- BBC NEWS BRASIL - 28 Abr, 2021 -
O governo da França condenou uma carta aberta assinada por militares da ativa afirmando que o país está a caminho de uma "guerra civil" por causa do extremismo religioso.

Cerca de 1.000 membros das Forças Armadas, incluindo 20 generais da reserva, assinaram o documento, que culpa "apoiadores fanáticos" por criarem divisões entre comunidades e afirma que islamitas estão tomando conta de regiões inteiras no território francês.
A carta aberta foi publicada uma revista de direita em 21 de abril, data dos 60 anos de um golpe de Estado fracassado no país. "O momento é grave, e a França está em perigo."
Marine Le Pen, líder da extrema-direita na França e candidata na eleição presidencial de 2022, saiu em apoio aos signatários da carta.
Por outro lado, o documento foi duramente criticado por ministros franceses, que apontaram desrespeito à lei e falta de representatividade (as Forças Armadas do país têm mais de 300 mil membros, e milhares de oficiais na reserva).
A ministra responsável pelas Forças Armadas, Florence Parly, afirmou no Twitter: "Dois princípios imutáveis guiam as ações de militares em relação à política: neutralidade e lealdade."
Ela disse também que qualquer signatário da carta que esteja ainda na ativa seria punido por desafiar a lei que determina que militares se mantenham politicamente neutros.
O que diz a carta?
O documento alerta o presidente francês, Emmanuel Macron, seu governo e parlamentares de "diversos perigos mortais" ameaçando a França, incluindo "o islamismo e as hordas dos banlieues", nome dado aos subúrbios de cidades francesas onde vivem muitos imigrantes pobres.
Os signatários da carta aberta culpam um "certo antirracismo" por dividir comunidades e buscarem criar uma "guerra racial" ao atacar estátuas e outros aspectos da histórica francesa.
Eles também acusam o governo Macron de usar a polícia como "intermediários e bodes expiatórios" na repressão brutal dos "gilets jaunes", nome dos manifestantes que usavam coletes amarelos em protestos anti-sistema que tomaram o país a partir de 2018.
"Não é mais hora de adiar, caso contrário amanhã a guerra civil acabará em caos e mortes, pelas quais você será responsável, na casa dos milhares", conclui a carta.
Em um país que paga por vários milhares de ex-oficiais nas listas de aposentados e da reserva, o apoio de apenas 20 deles a uma linguagem tão explosiva exige colocar a carta em perspectiva, diz Hugh Schofield, correspondente da BBC em Paris.
No entanto, o fato de o documento ter sido escrito é um sinal de tempos perigosos, e o apoio de Marine Le Pen significa que os temas continuarão a ressoar no ano de campanha presidencial que está por vir, afirma o jornalista.
Qual foi a reação à carta no país?
Militares franceses, quer estejam na ativa ou na reserva, são proibidos de expressar opiniões públicas sobre religião e política.
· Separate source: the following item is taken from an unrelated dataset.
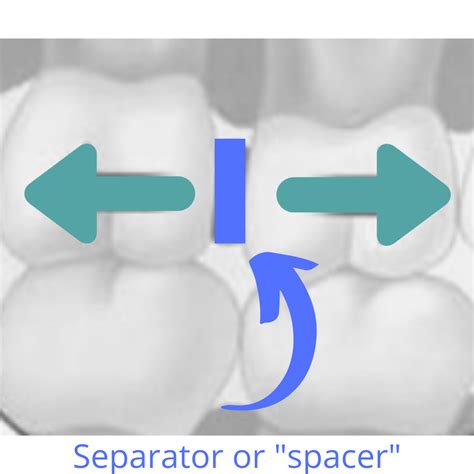 What are orthodontic tooth separators or spacers?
Por isso, Parly cobrou que aqueles que assinaram a carta sejam punidos.
"Para quem violou o dever de reserva, estão previstas sanções, e se houver soldados ativos entre os signatários, pedi ao chefe do Estado-Maior das Forças Armadas que aplique as regras... Ou seja, sanções", disse a ministra à rede de rádio France Info na segunda-feira (26/4).
Parly citou o caso de um ex-general da Legião Estrangeira que foi expulso do serviço militar por participar de um protesto contra imigrantes em Calais, no norte do país.
Em entrevista à France Info, a ministra da Indústria, Agnès Pannier-Runacher, "condenou sem pensar duas vezes" os generais "que cobram essa revolta... 60 anos depois do golpe dos generais contra o general Charles de Gaulle".
O golpe de Estado fracassado envolveu generais que buscavam impedir a Argélia, então colônia francesa, de conquistar a independência.
A França propôs um projeto polêmico para lidar com o que o presidente Emmanuel Macron descreveu como "separatismo islâmico".
No entanto, alguns críticos na França e em outros países acusaram o governo de ter como alvo o Islã.
Le Pen conclamou generais a se juntarem a ela no que chamou de "Batalha da França", em declaração dada no mesmo dia em que houve um ataque a facas numa delegacia em Paris, que vem sendo tratado como mais um ataque terrorista no país.